1Gemäß § 30 Abs. 2 VwGG hat bis zur Vorlage der Revision das Verwaltungsgericht, ab Vorlage der Revision der Verwaltungsgerichtshof auf Antrag des Revisionswerbers die aufschiebende Wirkung mit Beschluss zuzuerkennen, wenn dem nicht zwingende öffentliche Interessen entgegenstehen und nach Abwägung der berührten öffentlichen Interessen und Interessen anderer Parteien mit dem Vollzug des angefochtenen Erkenntnisses oder mit der Ausübung der durch das angefochtene Erkenntnis eingeräumten Berechtigung für den Revisionswerber ein unverhältnismäßiger Nachteil verbunden wäre.
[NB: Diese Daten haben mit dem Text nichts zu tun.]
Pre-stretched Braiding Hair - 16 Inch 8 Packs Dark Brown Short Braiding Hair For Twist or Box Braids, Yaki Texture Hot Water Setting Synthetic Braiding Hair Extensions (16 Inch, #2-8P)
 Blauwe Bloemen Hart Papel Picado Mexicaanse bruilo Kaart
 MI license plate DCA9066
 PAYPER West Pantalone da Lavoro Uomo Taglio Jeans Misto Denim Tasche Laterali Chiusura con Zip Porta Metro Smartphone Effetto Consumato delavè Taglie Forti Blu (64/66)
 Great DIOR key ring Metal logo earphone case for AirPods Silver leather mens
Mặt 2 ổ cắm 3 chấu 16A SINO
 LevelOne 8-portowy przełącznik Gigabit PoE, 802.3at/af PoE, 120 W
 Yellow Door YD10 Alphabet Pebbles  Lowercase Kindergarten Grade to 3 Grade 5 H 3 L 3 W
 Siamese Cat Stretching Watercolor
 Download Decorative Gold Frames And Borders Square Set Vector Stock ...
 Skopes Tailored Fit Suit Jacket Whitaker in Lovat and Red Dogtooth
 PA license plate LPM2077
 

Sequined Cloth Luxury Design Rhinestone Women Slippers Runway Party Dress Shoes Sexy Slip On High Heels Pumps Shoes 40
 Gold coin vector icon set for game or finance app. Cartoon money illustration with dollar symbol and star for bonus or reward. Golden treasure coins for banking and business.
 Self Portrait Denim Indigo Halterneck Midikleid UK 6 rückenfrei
2 Die Unverhältnismäßigkeit des Nachteils aus der Verpflichtung zu einer Geldleistung ist nach der ständigen Rechtsprechung des Verwaltungsgerichtshofes (vgl. VwGH [verstärkter Senat] 25.2.1981, 2680/80, VwSlg 10.381/A), schon im Antrag auf Zuerkennung der aufschiebenden Wirkung durch zahlenmäßige Angaben über die gesamten wirtschaftlichen Verhältnisse des Revisionswerbers zu konkretisieren. Erst die ausreichende und zudem glaubhaft dargetane Konkretisierung ermöglicht die vom Gesetz gebotene Interessenabwägung.
3 Mangels entsprechender Konkretisierung konnte dem Antrag nicht stattgegeben werden.